Kniskern, J.M., Barrett, L.G., and Bergelson, J. (2011). Maladaptation in wild populations of the generalist plant pathogen Pseudomonas syringae. Evolution 65, 818–830.


The evolution of resistance to pathogens

Plant pathogen interactions have been thought to undergo arms race dynamics, where there is consistant, dynamic turnover of resistance alleles – R genes – in the host, and avirulence alleles in the pathogen. If this were the case, resistance alleles segregating in natural populations should be relatively young.

However, over a decade ago we learned that, instead, R genes in plants are frequently maintained as ancient, balanced polymorphisms. Through field trials with transgenic A. thaliana lines, we have demonstrated that large fitness costs are associated with R genes experiencing balancing selection for presence/absence polymorphisms.

Not all R genes experiencing balancing selection are presence/absence polymorphisms. We are interested in how ecological and evolutionary forces combine to shape patterns of variation at RPS2, an R gene under balancing selection for disease resistance and susceptibility which is present in all natural populations of A. thaliana sequenced to date.
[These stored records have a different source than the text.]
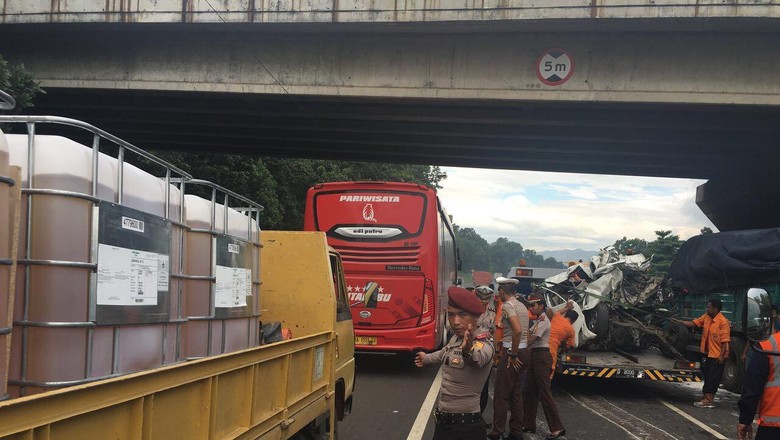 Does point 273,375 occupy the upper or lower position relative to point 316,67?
lower

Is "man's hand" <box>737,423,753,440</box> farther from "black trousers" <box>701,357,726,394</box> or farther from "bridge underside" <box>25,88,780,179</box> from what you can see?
"bridge underside" <box>25,88,780,179</box>

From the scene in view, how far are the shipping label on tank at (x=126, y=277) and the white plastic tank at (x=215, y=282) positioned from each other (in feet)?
1.76

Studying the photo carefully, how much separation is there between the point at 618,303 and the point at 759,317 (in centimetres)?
213

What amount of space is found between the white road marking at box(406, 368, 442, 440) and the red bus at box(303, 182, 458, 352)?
1.40 m

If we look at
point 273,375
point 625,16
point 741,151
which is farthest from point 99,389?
point 741,151

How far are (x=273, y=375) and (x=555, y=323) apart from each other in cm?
Result: 556

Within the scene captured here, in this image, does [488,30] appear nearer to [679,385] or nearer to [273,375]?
[679,385]

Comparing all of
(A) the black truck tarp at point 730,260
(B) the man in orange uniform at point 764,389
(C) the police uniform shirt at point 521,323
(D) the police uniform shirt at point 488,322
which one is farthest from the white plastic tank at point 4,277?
(A) the black truck tarp at point 730,260

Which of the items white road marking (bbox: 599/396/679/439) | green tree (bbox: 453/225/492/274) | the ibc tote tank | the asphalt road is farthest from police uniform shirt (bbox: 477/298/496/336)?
green tree (bbox: 453/225/492/274)

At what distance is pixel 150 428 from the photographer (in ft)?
8.16

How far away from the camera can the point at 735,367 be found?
10797 millimetres

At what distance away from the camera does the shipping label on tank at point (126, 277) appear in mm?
2906

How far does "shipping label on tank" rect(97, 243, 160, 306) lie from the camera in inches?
114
We have conducted a field trial with transgenic A. thaliana lines differing in only the native allele of RPS2 that they contain. We found that there was no cost of carrying a resistant allele of RPS2 in the field; instead, having any allele of RPS2 was beneficial in the field relative to a mutant that lacked RPS2.

High fitness benefit of RPS2 presence in the absence of pathogen!

Currently we are trying to understand the fitness benefit of RPS2 presence. We are exploring whether RPS2 has some alternative function, aside from the previously known resistance to avrRpt2, which gives plants with RPS2 a fitness benefit relative to plants that don’t. To support our field results, we are also determining if variation in RPS2 is associated with any fitness changes in the Recombinant Inbred Lines phenotyped by Ben Brachi.

To explore the benefit of RPS2 presence, we first asked if there was a difference in metabolome between plants with RPS2 and plants without.  We used mass spectrometry to look at the metabolomes of our transgenic lines with and without RPS2, but we found no convincing differences between these lines. We are now using RNAseq to further characterize differences between these different transgenic lines.

We are also exploring the prevalence of homologs of avrRpt2, the avirulence gene that interacts with RPS2, in the environment. Diffuse interactions with common avirulence genes in other species may help to explain the maintenance of RPS2 in all accessions. Though we did not detect avrRpt2 using PCR for any of our field samples, these PCRs may not have picked up other homologs of avrRpt2. A weak homolog of avrRpt2 seems to be present in dot blots of most P. syringae strains from the Midwestern US; if RPS2 can recognize this homolog, it may explain the consistent presence of RPS2 and the fitness benefit of RPS2 presence.

Though we expected that R genes without presence-absence polymorphisms should not carry high fitness costs of resistance, we were surprised that the presence of RPS2 carried a substantial fitness benefit. We think understanding this benefit may help us understand the difference between R genes are under balancing selection for presence/absence polymorphisms and those that always present.